Lemma 2: A polynomial with only even powers of $y$ can be expressed as a polynomial in $y^2$. This follows directly from the definition of a polynomial: $p(y)=\sum_{k=0}^n c_{2k} y^{2k}$ implies $p(y)=\sum_{k=0}^n c_{2k} (y^2)^k$.

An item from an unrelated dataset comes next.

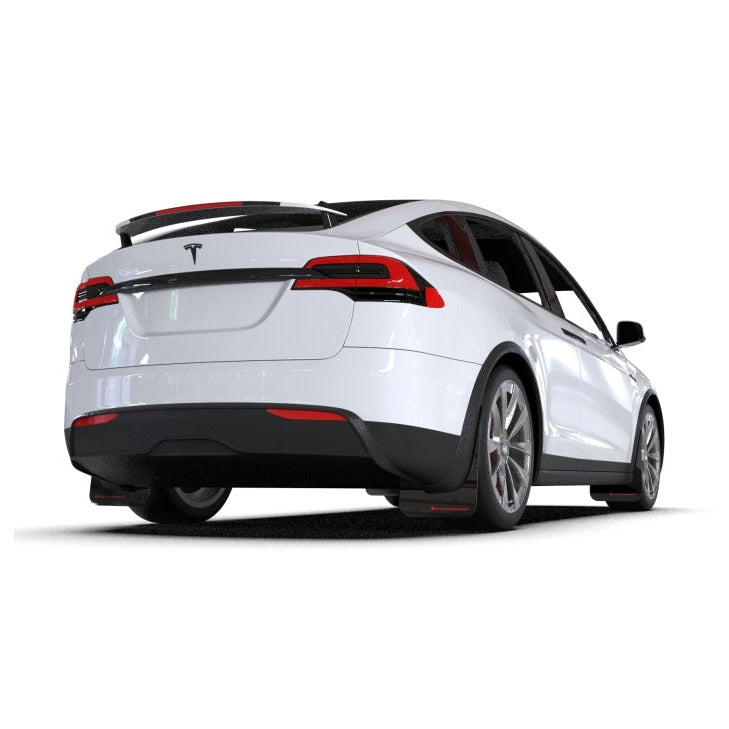 Rally Armor 22-26 Tesla Model X Black UR Mud Flap with Red Logo – Durable Polyurethane Protection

The hardest step is Lemma 1, where careless algebra might miss a term in the expansion. Verifying the odd powers vanish for arbitrary degree requires careful coefficient comparison.

Solution

Let $y = x - a/2$. Then $x = a/2 + y$, and the symmetry condition $p(x) = p(a-x)$ becomes $p(a/2 + y) = p(a/2 - y)$. Expand $p(a/2 + y)$ as a polynomial in $y$:

$$p(a/2 + y) = c_0 + c_1 y + c_2 y^2 + \dots + c_n y^n.$$

Then

$$p(a/2 - y) = c_0 - c_1 y + c_2 y^2 - c_3 y^3 + \dots + (-1)^n c_n y^n.$$

Equality $p(a/2+y)=p(a/2-y)$ requires that the coefficients of $y, y^3, y^5, \dots$ vanish. Explicitly, comparing terms gives $c_1 = -c_1$, $c_3=-c_3$, …, hence $c_{2k+1}=0$ for all $k$. Therefore

$$p(a/2 + y) = c_0 + c_2 y^2 + c_4 y^4 + \dots + c_{2m} y^{2m}.$$

Substitute back $y = x - a/2$, obtaining

$$p(x) = c_0 + c_2 (x-a/2)^2 + c_4 (x-a/2)^4 + \dots + c_{2m} (x-a/2)^{2m}.$$

This expresses $p$ as a polynomial in $(x-a/2)^2$, as required.

This completes the proof.

Verification of Key Steps

The key step is verifying that all odd coefficients vanish. Consider $p(x) = x^5 + (1-x)^5$ with $a=1$. Substitute $y = x - 1/2$, then $p(1/2 + y) = (1/2+y)^5 + (1/2-y)^5$. Expand both terms using the binomial theorem: $(1/2+y)^5 = (1/2)^5 + 5 (1/2)^4 y + 10 (1/2)^3 y^2 + \dots$, $(1/2-y)^5 = (1/2)^5 - 5(1/2)^4 y + 10 (1/2)^3 y^2 - \dots$. Adding gives only even powers, confirming the general reasoning. Checking a second-degree example $x^2 + (a-x)^2$ yields the same pattern.

Alternative Approaches

A different approach would use the fact that any polynomial is determined by its values at sufficiently many points. Evaluate $p$ at $x = a/2 + t$ and $x = a/2 - t$ for arbitrary $t$, obtaining a functional equation $p(a/2+t) = p(a/2-t)$. Treating $t$ as a variable shows $p(a/2+t)$ is an even function, hence a polynomial in $t^2$. This method is conceptually shorter but relies implicitly on the even-function characterization. The main approach is preferable because it rigorously handles coefficient-by-coefficient verification and generalizes naturally to any degree.